WHAT TO WORK ON: Copy each line of the data below exactly, leaving out pictures.

DATA SECTION:
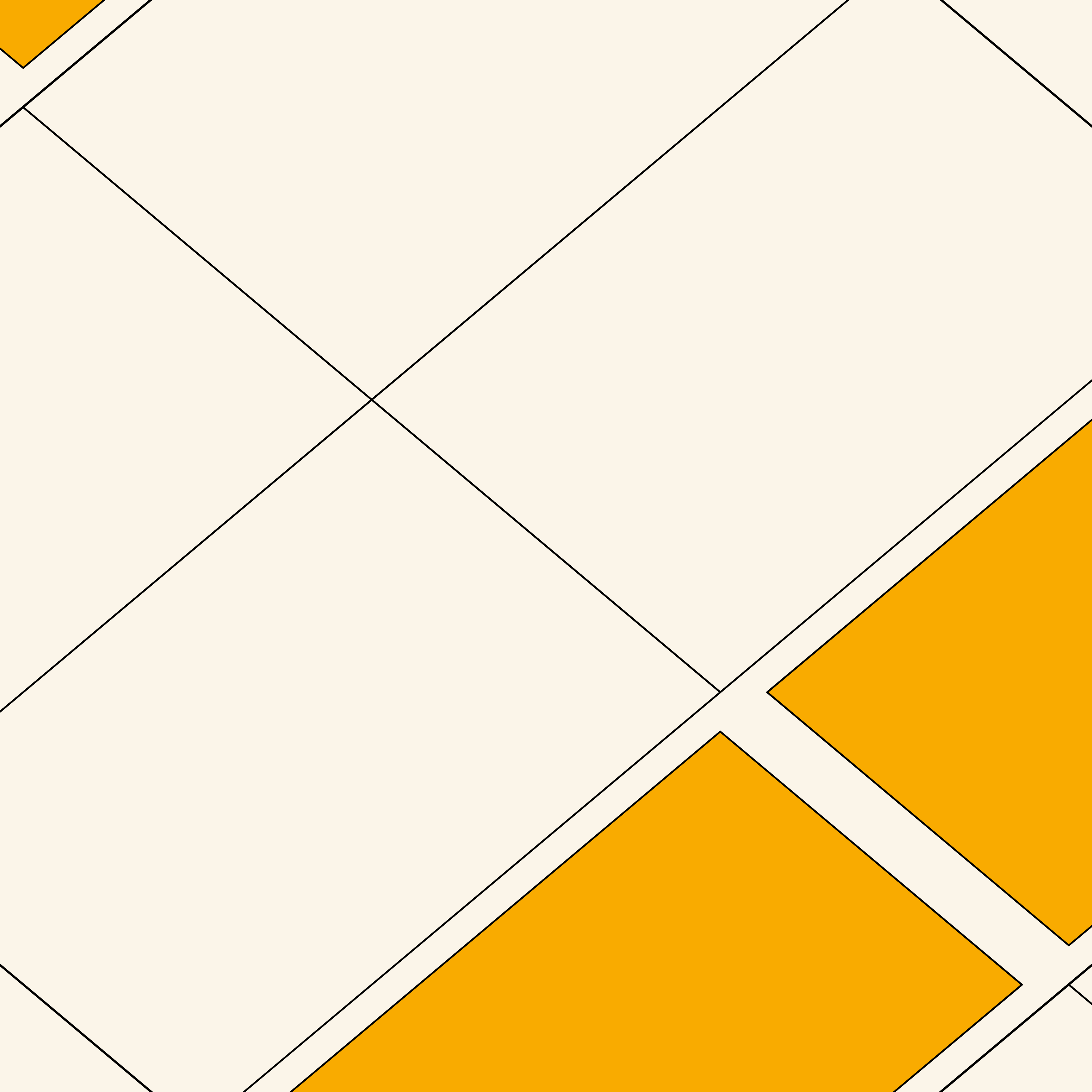 Decagon #13019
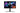 Gigabyte Monitor Aorus FO32U2 31.5 , 3840 x 2160 (Ultra HD 4K)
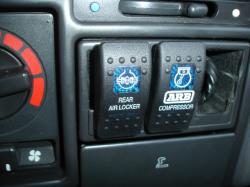 jx1qki74fohi9exv2ufp.jpg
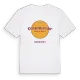 Ochsenwerder cirkel t-shirt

YOUR SOLUTION:
 Decagon #13019
 Gigabyte Monitor Aorus FO32U2 31.5 , 3840 x 2160 (Ultra HD 4K)
 jx1qki74fohi9exv2ufp.jpg
 Ochsenwerder cirkel t-shirt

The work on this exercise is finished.